Top of Data supplied
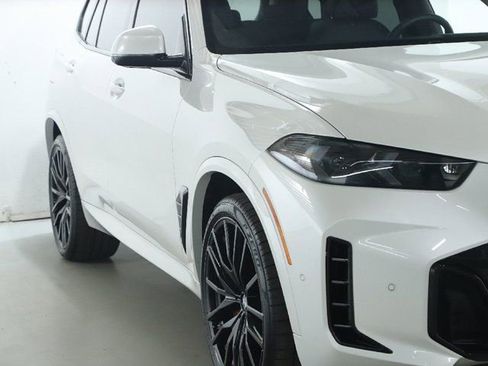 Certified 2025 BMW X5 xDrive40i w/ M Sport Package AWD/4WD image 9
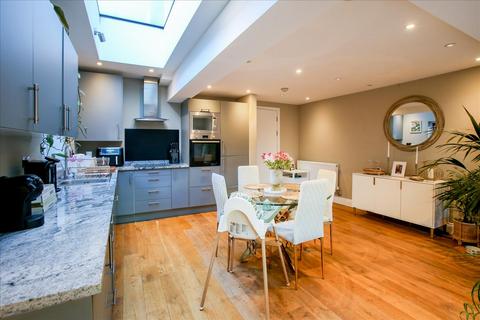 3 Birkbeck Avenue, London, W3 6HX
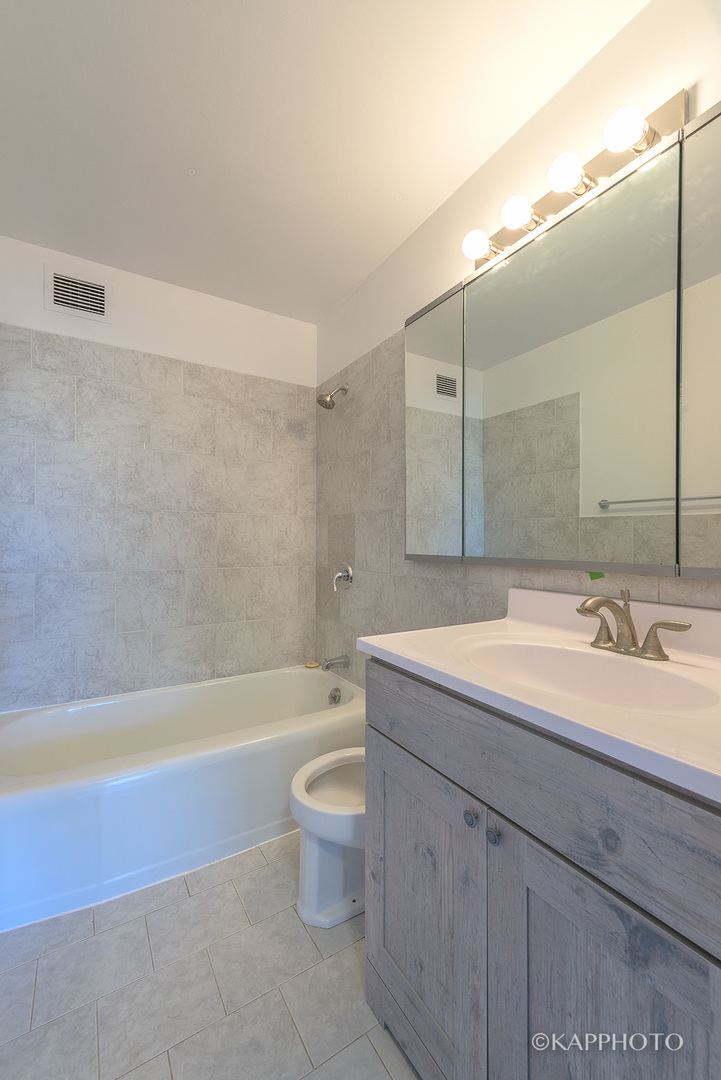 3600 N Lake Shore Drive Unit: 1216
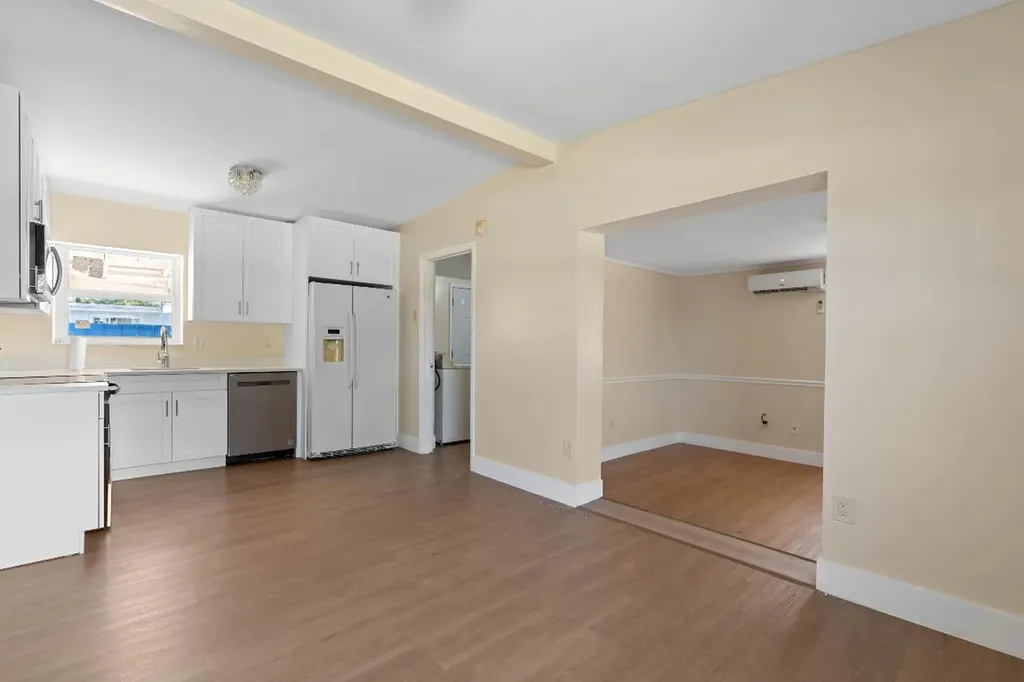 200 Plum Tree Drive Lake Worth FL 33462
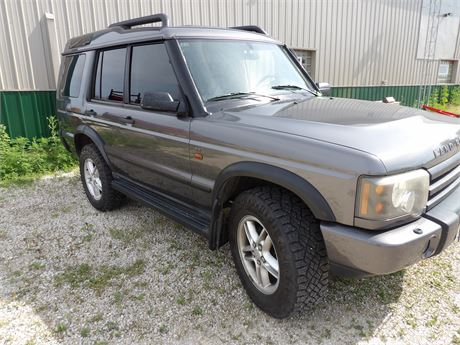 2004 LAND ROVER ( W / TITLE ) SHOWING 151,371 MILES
Bottom of Data supplied
Top of Data supplied
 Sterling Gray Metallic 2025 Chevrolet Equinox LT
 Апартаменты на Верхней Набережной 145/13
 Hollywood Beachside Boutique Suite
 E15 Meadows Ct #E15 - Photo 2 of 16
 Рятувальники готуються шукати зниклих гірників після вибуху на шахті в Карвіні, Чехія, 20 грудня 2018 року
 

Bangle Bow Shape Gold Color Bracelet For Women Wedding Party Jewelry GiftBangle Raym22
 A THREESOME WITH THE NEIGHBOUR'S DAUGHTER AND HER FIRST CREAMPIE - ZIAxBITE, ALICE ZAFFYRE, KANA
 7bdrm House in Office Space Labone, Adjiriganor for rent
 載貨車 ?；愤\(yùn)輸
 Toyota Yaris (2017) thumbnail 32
Bottom of Data supplied
Your assignment:
Within the data above, the span starting at the line containing "E15 Meadows Ct #E15 - Photo 2 of 16" and ending at the line containing "Toyota Yaris (2017) thumbnail 32" is to be retyped exactly, with no other lines.

Answer to this task:
 E15 Meadows Ct #E15 - Photo 2 of 16
 Рятувальники готуються шукати зниклих гірників після вибуху на шахті в Карвіні, Чехія, 20 грудня 2018 року
 

Bangle Bow Shape Gold Color Bracelet For Women Wedding Party Jewelry GiftBangle Raym22
 A THREESOME WITH THE NEIGHBOUR'S DAUGHTER AND HER FIRST CREAMPIE - ZIAxBITE, ALICE ZAFFYRE, KANA
 7bdrm House in Office Space Labone, Adjiriganor for rent
 載貨車 ?；愤\(yùn)輸
 Toyota Yaris (2017) thumbnail 32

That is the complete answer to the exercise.